On the evening of Saturday, March 29, people around the world are being asked by campaigners to switch off the lights for an hour to celebrate “Earth Hour”. The question is whether this helps the climate and the challenges it faces around the world.
“Global warming is a real problem, but Earth Hour is not the answer,” says Bjorn Lomborg, Director of the Copenhagen Consensus Center. “The net emissions reduction is close to zero. And if you light several candles, you will actually increase your CO₂ emissions.”

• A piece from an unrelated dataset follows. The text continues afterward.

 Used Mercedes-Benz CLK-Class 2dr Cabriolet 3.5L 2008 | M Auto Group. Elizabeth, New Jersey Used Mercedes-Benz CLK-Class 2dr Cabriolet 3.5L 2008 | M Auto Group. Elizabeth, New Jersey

According to Dr. Lomborg, who’s also adjunct Professor at Copenhagen Business School, and the author of such best-sellers as The Skeptical Environmentalist and Cool It, “this celebration of darkness sends the wrong message. While more than a billion people across the globe make a symbol of foregoing non-essential electrical power for one hour a year, another 1.3 billion people across the developing world will continue to live without electricity as they do every other night of the year”.

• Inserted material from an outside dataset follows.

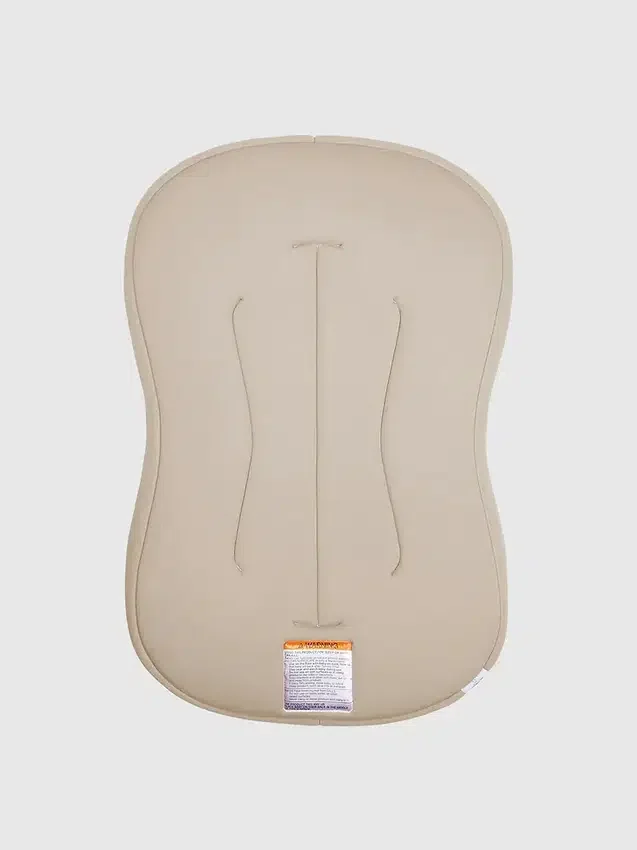Tumbona para bebés Snuggle Me Curve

Dr. Lomborg goes on to say “electricity, and affordable, plentiful energy, is the lifeblood of modern civilization and prosperity. Instead of turning off the lights for everyone, we should focus on finding bright solutions that allow those living in permanent darkness to improve their lives substantially through the access to energy. Cutting emissions in the short run is no easy task. Today, green energy is too costly to be a viable solution. That is why we need to increase global investment in green research and development 10-fold from $10 to $100 billion annually. This will create the breakthroughs that will be necessary to power the second half of the century with low-cost, green energy.”
Earth Hour was started six years ago in 2007 in Australia and since then it has grown to become the world’s largest mass participation event in history.